В августе 91-го все казалось ясным: там они, гэкачеписты, здесь мы. И Ельцин с нами. Все прозрачно, как дважды два. Мы победили тогда. Погибло три человека.
Но когда через два года из потаенной студии на Ямском поле Егор Гайдар и Лия Ахеджакова звали на улицу защитить их от беснующейся толпы, я не пошел: «Другое время, ребята, чай, не 91-й. Теперь вы власть, у вас армия, милиция… Кого вы зовете, зачем? К тому же еще и жена на сносях была.
Двадцать лет прошло, а мы до сих пор ничего не знаем. Сколько погибло — сотни? Тысячи? Кто были эти снайперы, стрелявшие точно в голову? Кто виноват, наконец, что все так произошло?
Нет ответа. Постреляли, поубивали… 4 октября дым рассеялся, и началась мирная жизнь. Наша жизнь, такая, как она есть.
Тележурналист НТВ Владимир Чернышев снял документальную драму о тех событиях 93-го. «Я хотел разобраться», — так он замечает. Разобрался ли?
Вопросы остались, мало что вылилось на свет. События замерли на точке невозврата. Да и невозможно теперь все узнать за давностью-то. Кого уж нет, а кто есть, живет привольно, неплохо, в общем-то, сыто, но рот держит на замке. Страшно? Стыдно?
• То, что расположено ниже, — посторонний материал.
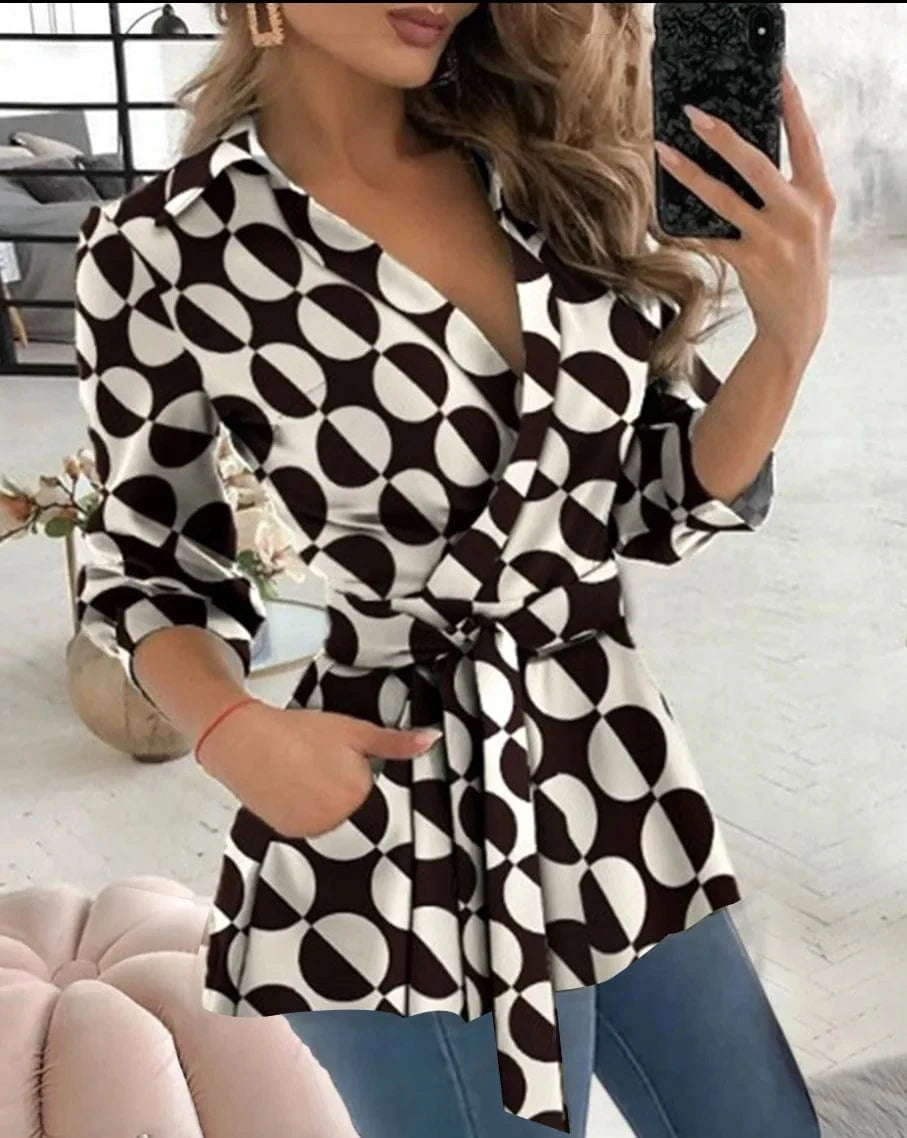 MULTI / L Spring Autumn Printed Work Shirt Tops Women Casual V Neck Long Sleeve Party Club Business Blouse Top with Belt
Чернышев ничего нам не объяснил, но вернул ощущение времени. Вернее так: соединил разбитые кусочки бытия. Тогда ведь думалось, что август 91-го — это наша романтическая революция любви, такая чистая и безвинная, а октябрь 93-го — нацистский переворот, не меньше, и нет никакой связи между этими событиями.
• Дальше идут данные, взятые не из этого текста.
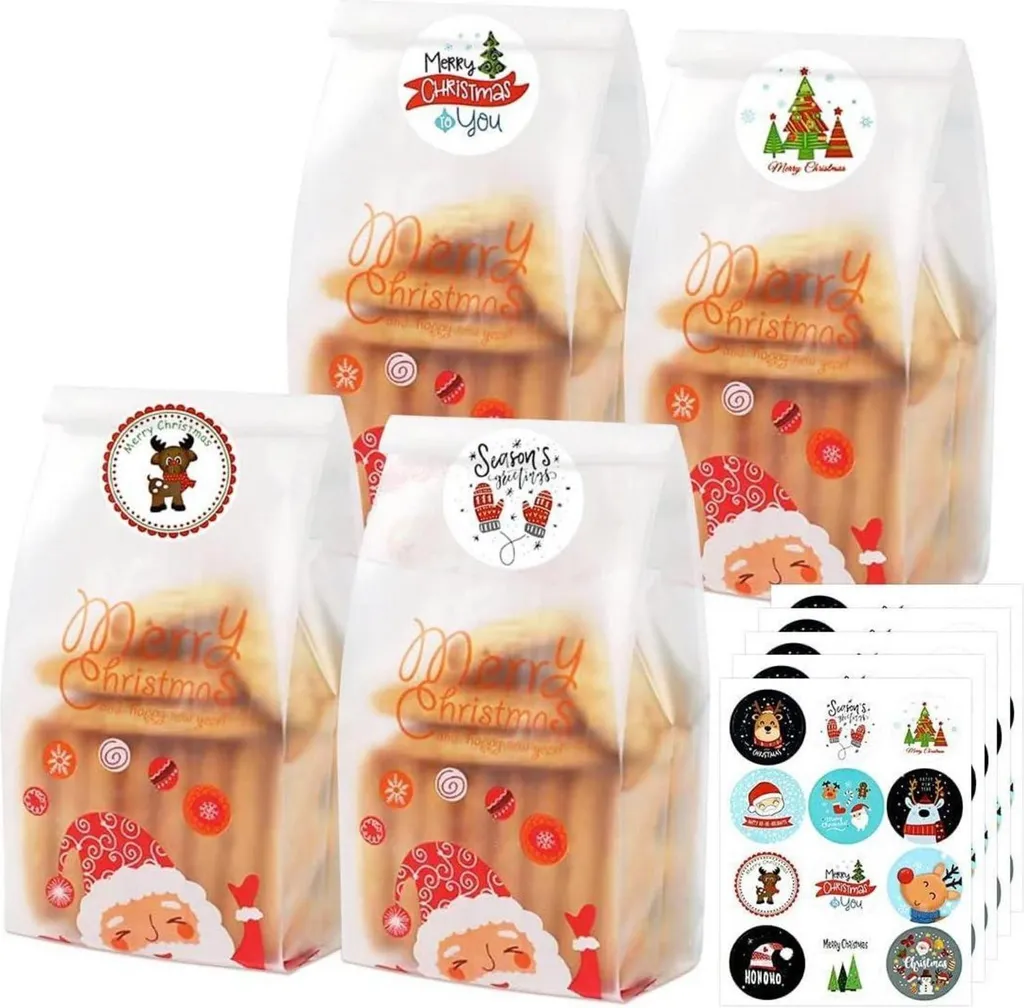 50 Bustine Regalo Natale Cellophane Rosso Babbo Natale per Dolci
Но после фильма понимаешь: одно плавно перетекло в другое. 93-й лишь продолжение 91-го. Мы сами выбрали эту дорожку, сами сошли с ума, сами стреляли друг в друга.
У истории нет сослагательного наклонения — банальность. Наверное, по-другому в России и быть не могло — не будет никакого святого города Китежа. Никогда. Вечно нам мучиться.
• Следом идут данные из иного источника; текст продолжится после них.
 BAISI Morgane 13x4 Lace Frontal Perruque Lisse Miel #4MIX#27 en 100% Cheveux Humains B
Картина Владимира Чернышева «Белый дом, черный дым» — настроение, ощущение, удар по психике. Слепок чувств двадцатилетней давности бьет по нервам, а попадает в сердце. Все воспроизведено по часам, минутам. Больно смотреть.
И жалко. Нас жалко — неустроенных, бездумных, без руля и ветрил. Потерявших ориентир, компас. Нас легко превращают в биомассу, в звериную толпу, и мы поддаемся, как самый мягкий на свете пластилин. Гуттаперчевый народ.
Но кроме жалости есть еще и презрение. Ко всем этим ельциным, коржаковым, руцким, хасбулатовым. Им-то люди — мусор. Ради власти они жертвуют ими, как пешками, даже не подсчитывая урон.
Главное достоинство фильма — вот это послевкусие. Истинные, точные, вернувшиеся чувства. Потому что и боль настоящая, и презрение. И ненависть к этим вурдалакам из Кремля и Белого дома.
Умом Россию действительно не стоит понимать, все равно ничего не объяснится. Веришь не веришь, любишь-ненавидишь — это то самое, вот это по-нашему.
«Белый дом, черный дым» — просто красивые слова на контрасте. Ничего не объясняющие. Это надо просто посмотреть, чтобы хотя бы обжечься до боли, до крика… Только кричи не кричи, никто не услышит и не поможет. Только сами.